**What you should do**
From the listing below, give again exactly the lines from the line with "Here's another group" to the line with "And this concludes", ends included, without any pictures.

**Supplied data**

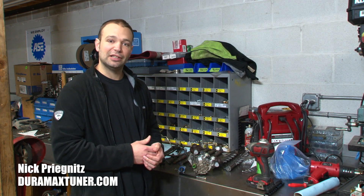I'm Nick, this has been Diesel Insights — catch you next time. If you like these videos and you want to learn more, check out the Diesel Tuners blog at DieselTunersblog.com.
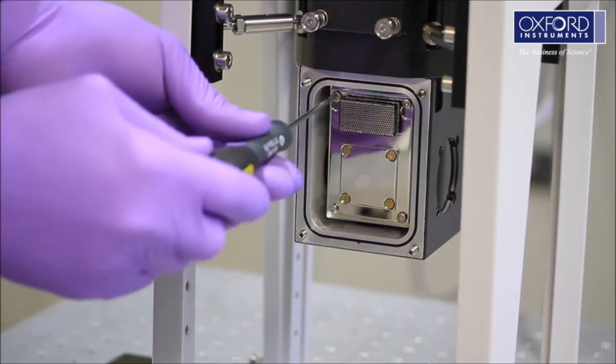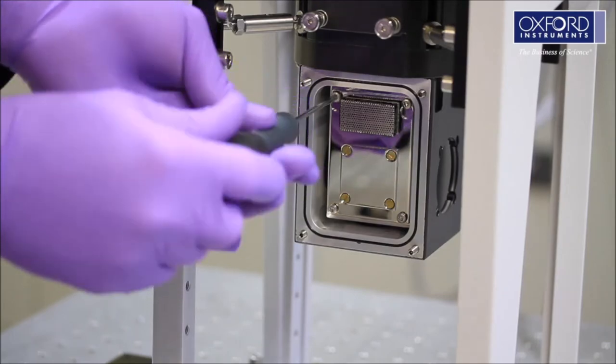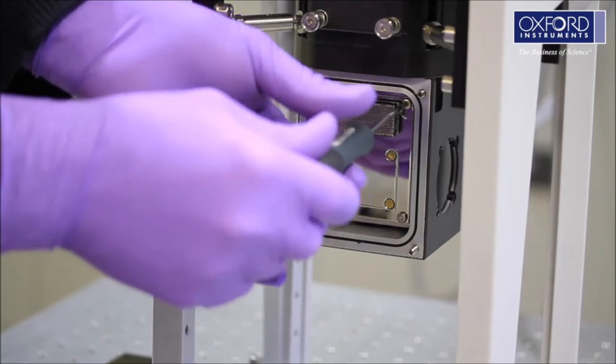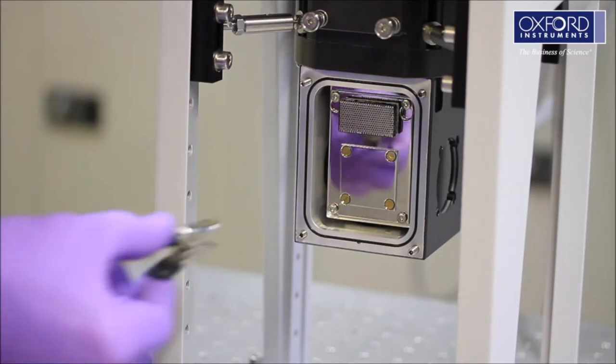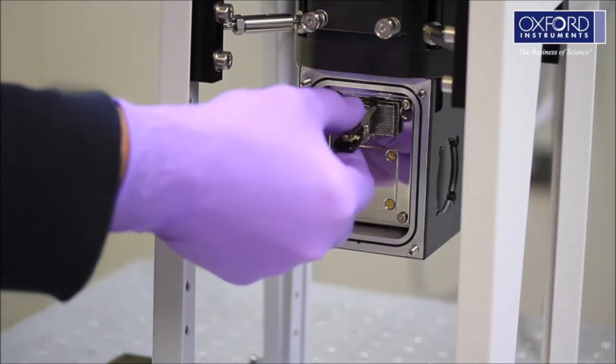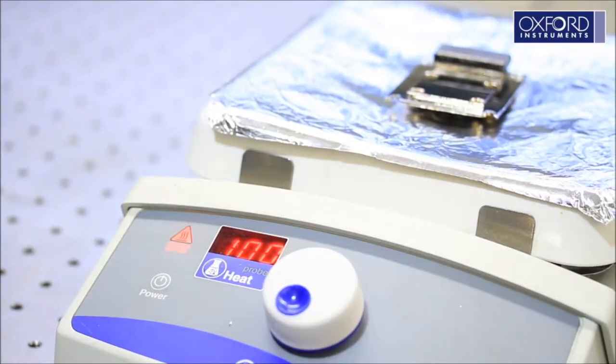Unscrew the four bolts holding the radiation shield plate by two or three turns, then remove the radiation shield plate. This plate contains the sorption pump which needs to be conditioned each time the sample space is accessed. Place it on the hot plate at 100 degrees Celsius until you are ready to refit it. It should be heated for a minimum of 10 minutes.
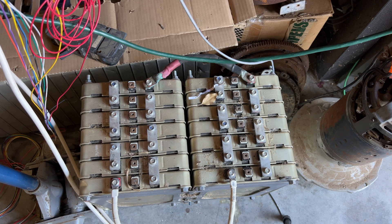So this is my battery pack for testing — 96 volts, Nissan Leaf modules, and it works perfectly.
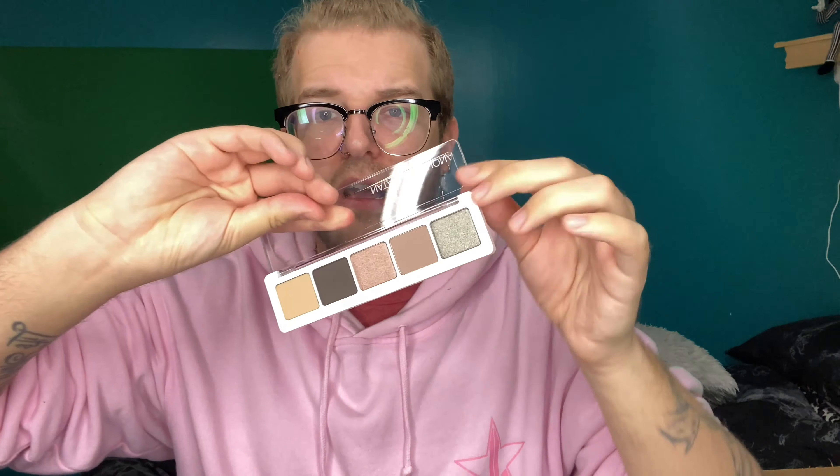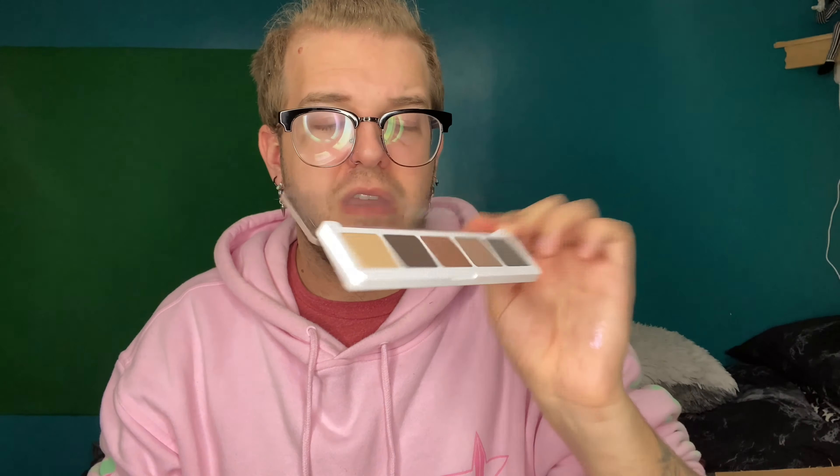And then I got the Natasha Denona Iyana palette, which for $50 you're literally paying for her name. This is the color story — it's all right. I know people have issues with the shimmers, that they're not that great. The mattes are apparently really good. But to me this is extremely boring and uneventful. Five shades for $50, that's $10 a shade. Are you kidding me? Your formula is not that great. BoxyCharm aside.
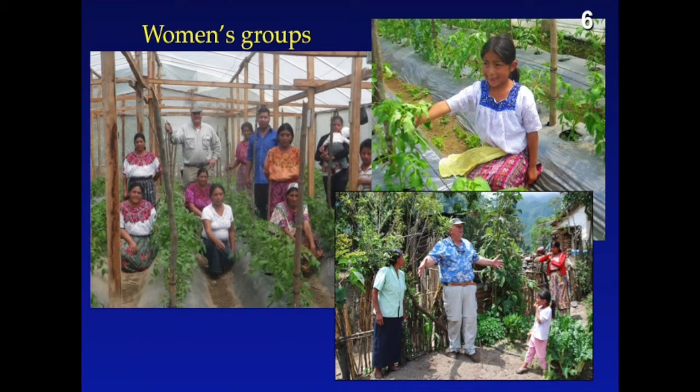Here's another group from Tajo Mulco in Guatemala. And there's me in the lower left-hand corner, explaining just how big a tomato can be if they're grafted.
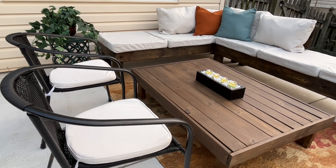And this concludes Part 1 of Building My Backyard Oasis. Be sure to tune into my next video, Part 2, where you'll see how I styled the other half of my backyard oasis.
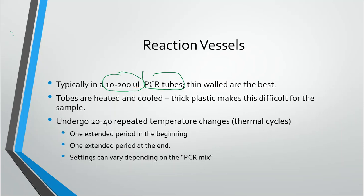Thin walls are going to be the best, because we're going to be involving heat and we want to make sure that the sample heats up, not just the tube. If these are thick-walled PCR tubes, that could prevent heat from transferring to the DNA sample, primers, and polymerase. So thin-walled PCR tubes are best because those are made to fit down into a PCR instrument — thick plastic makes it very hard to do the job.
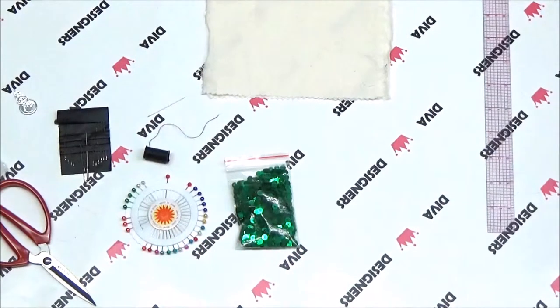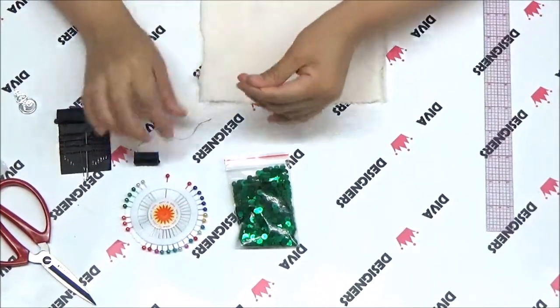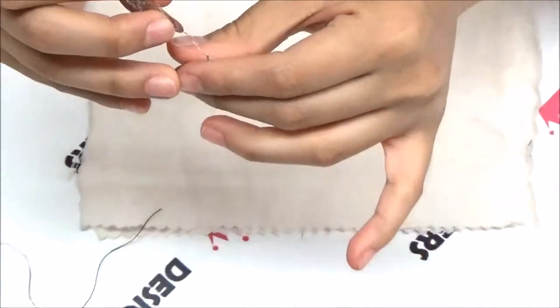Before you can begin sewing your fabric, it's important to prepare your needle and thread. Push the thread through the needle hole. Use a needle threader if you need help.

**Finished exercise**
Here's another group from Tajo Mulco in Guatemala. And there's me in the lower left-hand corner, explaining just how big a tomato can be if they're grafted.
And this concludes Part 1 of Building My Backyard Oasis. Be sure to tune into my next video, Part 2, where you'll see how I styled the other half of my backyard oasis.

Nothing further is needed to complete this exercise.